Serial numbers C5941-2 & C5942-1


----------



## StevieMac (Mar 4, 2006)

Not certain I've _ever_ encountered a '69 P10R so I'd assume these are very late (51st week) '59s


----------



## terminalvertigo (Jun 12, 2010)

what amps would these have come in?


----------



## StevieMac (Mar 4, 2006)

With the silver frames, I'm guessing these either came from a home stereo, jukebox, TV or possibly an organ (though those usually had black frames). Just a guess.


----------



## Lincoln (Jun 2, 2008)

terminalvertigo said:


> what amps would these have come in?


Hammond organ speakers. The Hammond "AO" part number gives it away.


----------



## butterknucket (Feb 5, 2006)

I have a '59 P10R, but it has a dark frame.


----------



## nonreverb (Sep 19, 2006)

Lincoln said:


> Hammond organ speakers. The Hammond "AO" part number gives it away.


'59's. Could be out of a Hammond tone cabinet or an S6 organ.


----------



## Alan Small (Dec 30, 2019)

they may be dry and brittle..go gently


----------



## mhammer (Nov 30, 2007)

nonreverb said:


> '59's. Could be out of a Hammond tone cabinet or an S6 organ.
> View attachment 368911


Would they be different in their frequency profile because of that? Or would they perhaps be broken in differently?


----------



## nonreverb (Sep 19, 2006)

mhammer said:


> Would they be different in their frequency profile because of that? Or would they perhaps be broken in differently?


Well judging by the two in the OP's pics, one is ribbed and one is not. That was typical for Hammond. Some speakers were used for different functions such as dedicated reverb and required different cones.


----------



## Lincoln (Jun 2, 2008)

nonreverb said:


> '59's. Could be out of a Hammond tone cabinet or an S6 organ.
> View attachment 368911


what a beast!!!


----------



## mhammer (Nov 30, 2007)

nonreverb said:


> Well judging by the two in the OP's pics, one is ribbed and one is not. That was typical for Hammond. Some speakers were used for different functions such as dedicated reverb and required different cones.
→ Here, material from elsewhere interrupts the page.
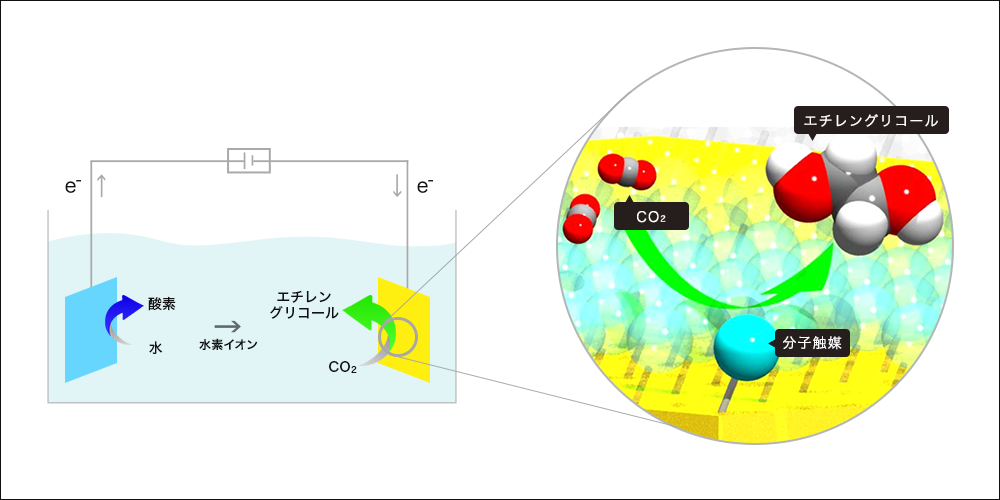 分子触媒による二酸化炭素の変換（左）と今回開発した分子触媒（右）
So should I infer from this that the P10R and similar number refers to the magnet type/structure and voice-coil but NOT to the cone it is attached to? I'm confused.


----------



## Alan Small (Dec 30, 2019)

I read about the cone designs in a generic article: ribbed cones accentuate higher end


----------



## nonreverb (Sep 19, 2006)

mhammer said:


> So should I infer from this that the P10R and similar number refers to the magnet type/structure and voice-coil but NOT to the cone it is attached to? I'm confused.


Correct. The cone type is usually stamped on the cone itself. The"P" is magnet type, the "R" referrs to power handling.


----------



## nonreverb (Sep 19, 2006)

Alan Small said:


> I read about the cone designs in a generic article: ribbed cones accentuate higher end


Yes and structurally, the cone is more rigid with ribbing which translates into better cone stability at higher volumes. That said, it's not always the case. Certain instrument speaker designs do not use ribbing . JBL D series speakers for instance.


----------



## bzrkrage (Mar 20, 2011)

Wow. Thanks team! @nonreverb ,@mhammer @Alan Small .
I willl go easy on them, being old timers. I’m putting them in a Fender “custom” vibrolux, will do a before & after clip.


----------



## nonreverb (Sep 19, 2006)

bzrkrage said:


> Wow. Thanks team! @nonreverb ,@mhammer @Alan Small .
> I willl go easy on them, being old timers. I’m putting them in a Fender “custom” vibrolux, will do a before & after clip.


Cool! Definitely be gentle....take it from me as I found out the hard way with a few Hammond-pulled P12N's. They will fail if pushed too hard.


----------